El aislamiento es la principal clave de la pervivencia del régimen, pero no la única. También ese nacionalismo defensivo, claro está. Al llegar a la frontera, lo primero que uno debe dejar atrás son los teléfonos móviles. Y a lo largo del viaje, la secuencia es siempre la misma: hotel-vehículo-monumento-vehículo, etc, sin posibilidad de contacto alguno con la gente corriente. Junto al aislamiento, las contadas excelencias del régimen deben ser exaltadas a más no poder. Los pilares sobre los que asienta la propaganda norcoreana son cuatro. En primer lugar, la arquitectura al servicio de la causa. Edificios, estatuas, conjuntos conmemorativos, etc, constituyen una secuencia interminable de referencias destinadas a significar los considerados logros y a encumbrar al líder (padre o hijo), cuya foto, murales y mosaicos acaparan los focos de la poca iluminación nocturna existente en los más importantes núcleos urbanos. En segundo lugar, los niños. Kim Jong Il es como un padre para todos. Una visita al palacio de la infancia en Pyongyang nos los muestra atareados en sus actividades extraescolares (acordeón, caligrafía, etc). Los pocos turistas los observan como si estuviéramos en una especie de zoológico humano. No hay alegría. Ojala tengan infancia. En tercer lugar, el cultivo del pasado revolucionario contra los invasores y el culto patético a la personalidad que rompe todos los cánones imaginables: desde edificios que dejan hueco en sus fachadas para el retrato del supremo líder y su blanca dentadura, al reply constante de las canciones patrióticas en la cansada y monótona megafonía del metro más profundo del mundo. En cuarto lugar, la ficción de la amistad, que da a entender que el régimen no está solo, sino que cuenta con valiosos aliados en todo el mundo y que no sólo reconocen lo justo de su defensa numantina sino que avalan el proyecto de sus líderes. Si uno visita la que llaman Exposición Internacional de la Amistad (que incluye desde un tren blindado regalado por Stalin al balón obsequiado por Pelé a su amigo Kim Jing Il), con su laberinto de pasillos y puertas altísimas, a recorrer con gamuzas en los pies para no ensuciar y quitar brillo al suelo, se percata con claridad de que, mirándolo bien, son pocos, y muchos de otro tiempo.

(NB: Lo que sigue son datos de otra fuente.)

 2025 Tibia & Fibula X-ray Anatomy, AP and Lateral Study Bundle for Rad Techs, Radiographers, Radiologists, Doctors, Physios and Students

¿Cómo romper el aislamiento? El turismo chino que ahora llega a Corea del Norte con más facilidad –y es, por descontado, el más numeroso– pone de relieve la similitud de las imágenes y situaciones vividas con el período de su revolución cultural, pero con una salvedad importante: en China, al lado de las privaciones, había también entusiasmo, una actitud que en las calles de Pyongyang es imposible de apreciar. Los chinos, que no dejan de rendir honores al pueblo norcoreano y sus líderes, que homenajean la memoria del primogénito de Mao fallecido en la guerra de Corea en los años cincuenta del siglo pasado, o que secundan con entusiasmo los chistes norcoreanos sobre la ineptitud y torpeza de los invasores estadounidenses, cantan, y no sólo al oído, con naturalidad y nula vocación proselitista, las bondades de su gaige y kaifang (reforma y apertura), presumiendo con sus cámaras fotográficas y de vídeo de los avances logrados en estos años, incluso en el plano de la libertad de expresión. Nadie imagina entonces el inexplicable y absurdo delirio que les aguarda a su regreso en la frontera: los revisores norcoreanos se toman horas para pasar revista y censurar cada una de sus fotos y grabaciones. Sus recomendaciones y protestas, al menos por el momento, caen en saco roto. Pero puede que algún día, en parte gracias a ellos, no sea así.